The Human Rights Commission of the Maldives (HRCM) meanwhile issued a press release urging people not to misuse the right to protest “and obstruct the media.”
The commission said that protesting late at night in densely populated areas “violates the right of many others.”
”We call on the police not to disperse the protests by using methods that harm the protesters and civilians,” HRCM said.
At a press conference today, Deputy Commissioner of Police Mohamed Rishwan said protests would be restricted to the artificial beach and the tsunami monument areas in Male’, unless prior permission was given by police or Male’ City Council.
The government meanwhile defended its decision to float the currency within 20 percent of the pegged rate of Rf12.85 “as part of a package of measures introduced on the advice of the central bank, International Monetary Fund and other multi lateral organisations, in order to reduce the country’s budget deficit and stabilise the economy.
“According to the World Bank, in late 2008 the Maldives was in the worst economic situation of any country undergoing democratic reforms since 1950s. The budget deficit stood at 31 percent of GDP, inflation stood at 12 percent and the economy was reeling from a massive fiscal expansion which saw the government wage bill increase by almost 400 percent between 2004 and 2009.
“Since coming into office, the Nasheed administration has reduced the budget deficit from 31 percent to 16 percent of GDP, helped ease the chronic dollar shortage through a managed float of the Ruffiya and brought the economy from recession to 4 percent growth this year,” the President’s Office said in a statement.

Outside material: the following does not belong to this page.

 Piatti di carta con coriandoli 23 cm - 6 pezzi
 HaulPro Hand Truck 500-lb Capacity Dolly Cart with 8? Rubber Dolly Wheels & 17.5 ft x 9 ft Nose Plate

The IMF has pressured the government to cut back on its disproportionate public sector wage bill, however austerity measures attempted last year ended up in a political stalemate and the government instead embarked on a program of corporatisation, allowing it to hire and fire while circumventing what it claimed was the opposition-driven machinations of the Civil Service Commission (CSC).
Opposition spokesman Ibrahim Shareef has accused the MDP of financial mismanagement and recklessly increasing spending, without investing “in productive resources that ensure future revenue for the country, and reducing expenditure in areas that do not affect the people – such as foreign missions.”
“They need not reduce the civil service, because these are the lowest paid government employees and reducing their numbers would have not tangible effect. But the top players in government – the political positions – and positions in the paper companies created by the government are many areas [that can be reduced],” Shareef claimed.
The government recently announced an incentive programme to encourage public sector employees as young as 18 to leave the civil service, offering lump sum payments of between Rf 150,000 – Rf 200,000, which was positively received by the CSC.